Directions for this task:
Skip the images and print the listing exactly.

Data block:
# # # # #

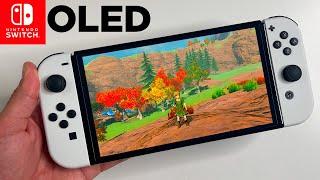 Zelda: Breath of the Wild OLED Nintendo Switch Gameplay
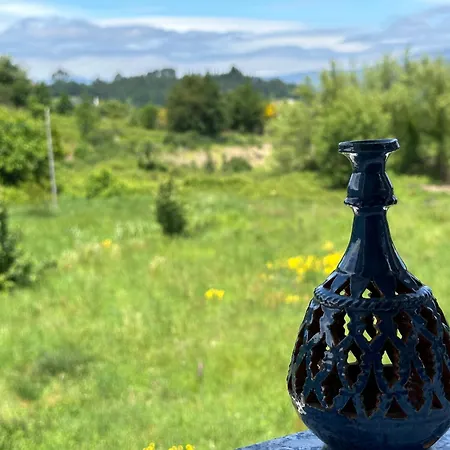 Casa La Oveja Negra, Con Piscina * Padrenda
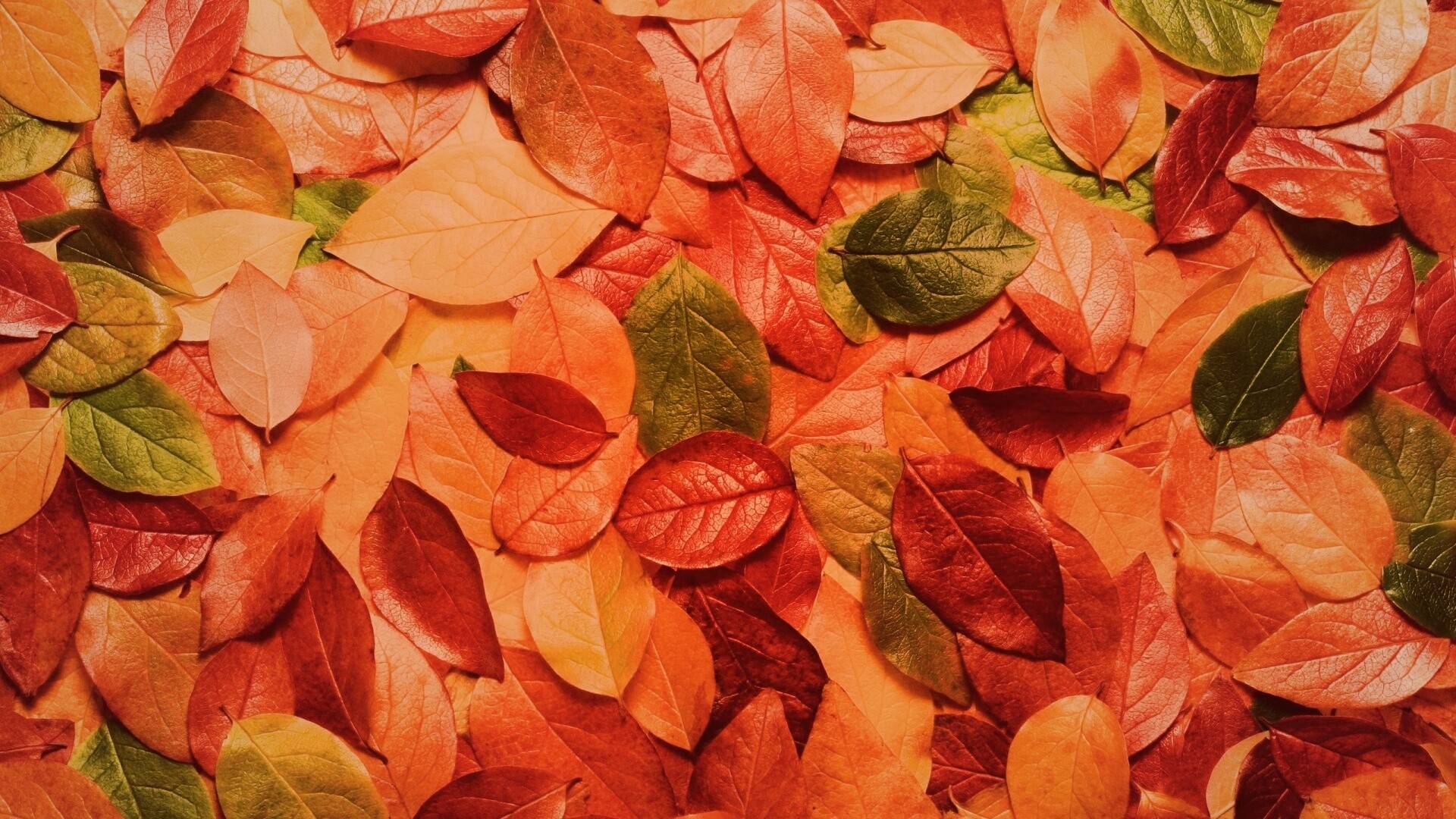 Цветной ковёр из листьев обои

# # # # #

Result of this task:
 Zelda: Breath of the Wild OLED Nintendo Switch Gameplay
 Casa La Oveja Negra, Con Piscina * Padrenda
 Цветной ковёр из листьев обои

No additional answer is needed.